That's how the wideband sensor works. The pump current is the measured value. It can be translated to a voltage, as it's a "simple" circuit.
www.youtube.com/watch?v=Dwij_fuceUo
As I already mentioned, this is already pointed out by Bosch themselves.
https://www.bosch-motorsport.com/con...or_LSU_4.9.pdf
Page 2 shows a chart; read the foot note. Our voltage seems to follow the v=8 scaling. The formula for voltage value from IDE00558 is simply 1.5v + 8*61.9*(current value from IDE00559/1000). But that voltage is a computation based on the actual sensor measurement, pump current. The 1.5v base voltage seems to reflect that our ECU must use a CJ125 controller rather than a AWS controller. See Bosch tech doc Y 258 E00 015e. Bosch doc 0 258 017 025 can also be useful, but note that the Block Diagram pin numbers are actually for LSU 4.2, not LSU 4.9.
http://circuitszoo.altervista.org/Bosch_LSU_WB02.html
That might be useful in understanding the circuit layout.
Keep in mind that while LSU4.2 and LSU 4.9 sensors use the same 6 wire connection, the wires are in reverse order between the two. Ip, pump current, red wire, is pin 6 on LSU 4.2 and pin 1 on LSU 4.9. We use an LSU 4.9 sensor.
https://www.scannerdanner.com/media/...sistorchip.jpg
It's kind of interesting. It basically uses a voltage output old style O2 cell to produce a control voltage, the Nernst voltage, which is compared to the 450mV standard, to determine if the content is lean or rich. Then the control drives the necessary current in the pump cell to restore balance to the Nernst cell, 450mV, and the amount of current used reflects the lambda. Or something to that effect.
A proper cat with sufficient OSC is very expensive to build.
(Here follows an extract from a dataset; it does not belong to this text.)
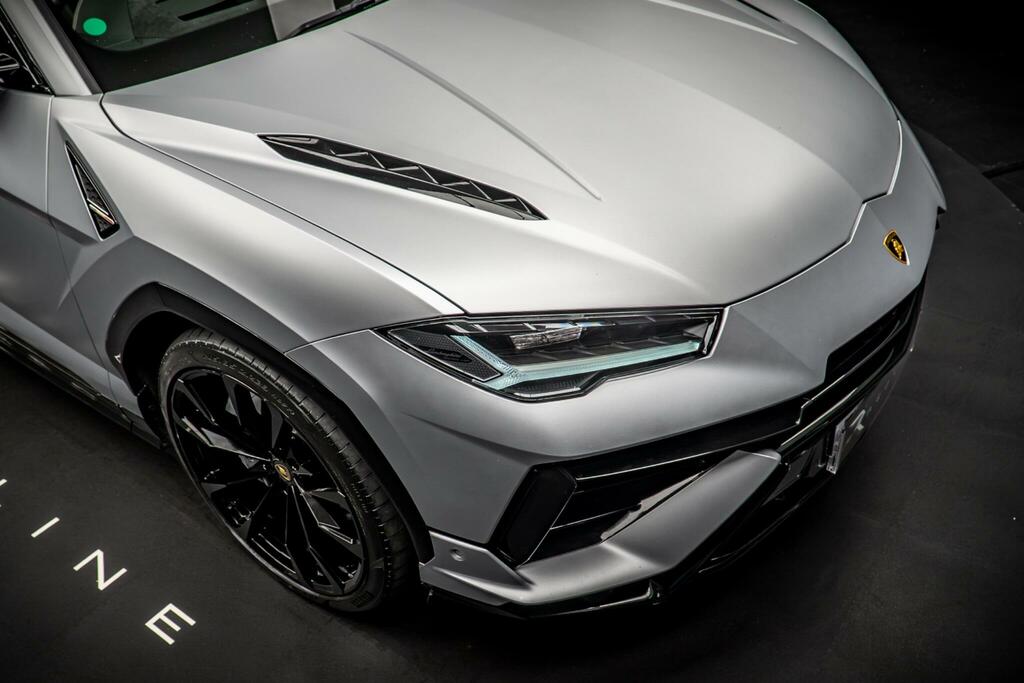 Lamborghini Urus 4L V8 S Black #11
If you have to care about emissions, you pretty much can't bother with anything but auto manufacturer OE. They are the only ones going to bother with the cost, since the EPA gives them no choice.
The 2013 A4 quick ref spec book says CAEB P0420 = Measured OSC / OSC of borderline catalyst value for main catalyst , <0.90. The 2009 makes reference to <1.00 and <0.90. The EPA docs are all "confidential info", but later EPA docs say <1.00. Probably more of that VAG emissions gray area. For example, there is a TSB for the original Q7 with 3.6 FSI engine for P0420/P0430 (same thing but bank 2). An ECM flash is necessary. Maybe an errant computation, errant lookup table data, or they were just knocking the result bar down a tenth or two.